_Extracted data_
----------

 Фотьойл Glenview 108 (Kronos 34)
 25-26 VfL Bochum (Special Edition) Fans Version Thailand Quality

----------

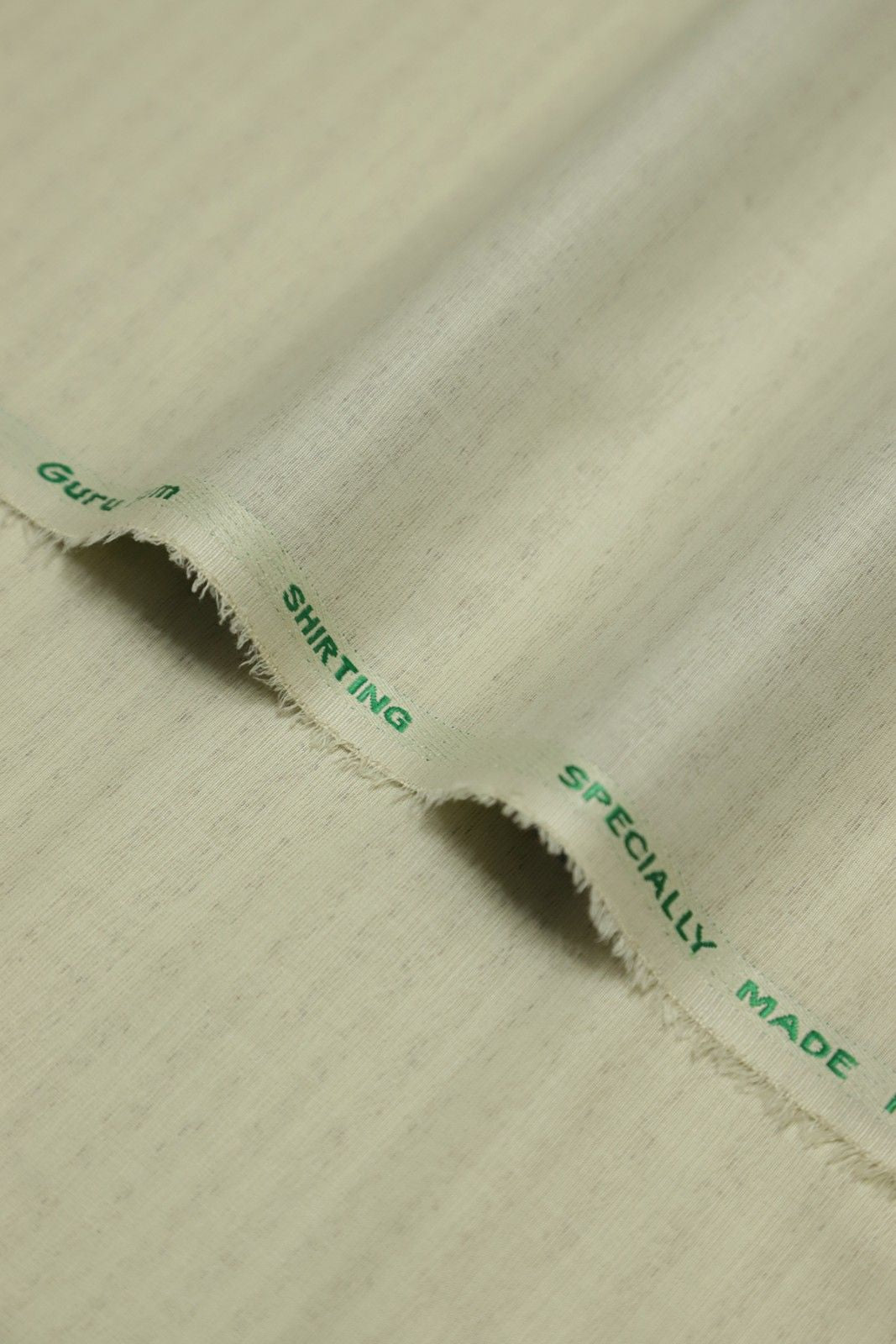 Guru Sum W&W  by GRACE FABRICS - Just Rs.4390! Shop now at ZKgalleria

----------

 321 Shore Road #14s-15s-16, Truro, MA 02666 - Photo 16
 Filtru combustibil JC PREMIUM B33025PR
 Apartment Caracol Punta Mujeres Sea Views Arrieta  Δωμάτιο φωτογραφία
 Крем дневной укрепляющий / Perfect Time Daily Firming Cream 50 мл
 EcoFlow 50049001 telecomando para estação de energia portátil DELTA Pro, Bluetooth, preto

----------

_Problem_
Go to the line in the material above that contains "Filtru combustibil JC PREMIUM B33025PR" and copy exactly from there through the line that contains "EcoFlow 50049001 telecomando", stopping after it.

_Exercise answer_
 Filtru combustibil JC PREMIUM B33025PR
 Apartment Caracol Punta Mujeres Sea Views Arrieta  Δωμάτιο φωτογραφία
 Крем дневной укрепляющий / Perfect Time Daily Firming Cream 50 мл
 EcoFlow 50049001 telecomando para estação de energia portátil DELTA Pro, Bluetooth, preto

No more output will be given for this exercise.